Melbourne Medical Educators Integrate Giving Into Their Business Model
Up until the last decade of the twentieth century, ideas of philanthropy and entrepreneurship were worlds apart. Philanthropy was perceived as a way of giving back to society. In the corporate world, corporate social responsibility advocated a triple bottom line approach to demonstrate an organization’s contribution to society in recognition of the broader community’s role in supporting the corporation.
Entrepreneurship, by comparison, was seen as unashamedly for-profit with an individual dominating all aspects of the organization. In many cases, the media gleefully portrayed entrepreneurs as amoral, profit-motivated latter-day robber barons driven only by dreams of acquiring wealth together with the power to retain it.
Blazing A Social Enterprise Path
Now two Melbourne medical doctors are showing how entrepreneurship can live comfortably with philanthropy by blazing their own social enterprise path, which integrates the concept of giving within their medical education business.

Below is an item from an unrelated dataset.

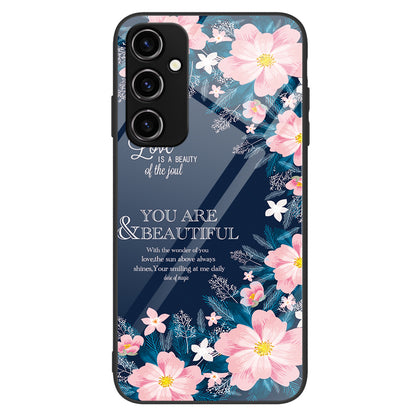 For Samsung Galaxy A14 5G Anti-drop Phone Case Tempered Glass+PC+TPU Pattern Printing Phone Cover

Australian moral philosopher Peter Singer, currently the Ira W. DeCamp Professor of Bioethics at Princeton University and a Laureate Professor at the University of Melbourne’s Centre for Applied Philosophy and Public Ethics, was one of the early pioneers in exploring ways of applying secular solutions and a utilitarian perspective to confronting ethical issues.
Inspired by Singer’s 2009 book, The Life You Can Save: Acting Now To End World Poverty, and the organization by the same name, Melbourne medical education company, PhysEd gives back to the community by supporting targeted charities such as Doctors Without Borders, and organizations fighting diseases such as the scourge of malaria. By donating 5 percent of their revenue, PhysEd is not only helping prepare the next generation of Australian physicians but also proving tangible support for the wider medical community.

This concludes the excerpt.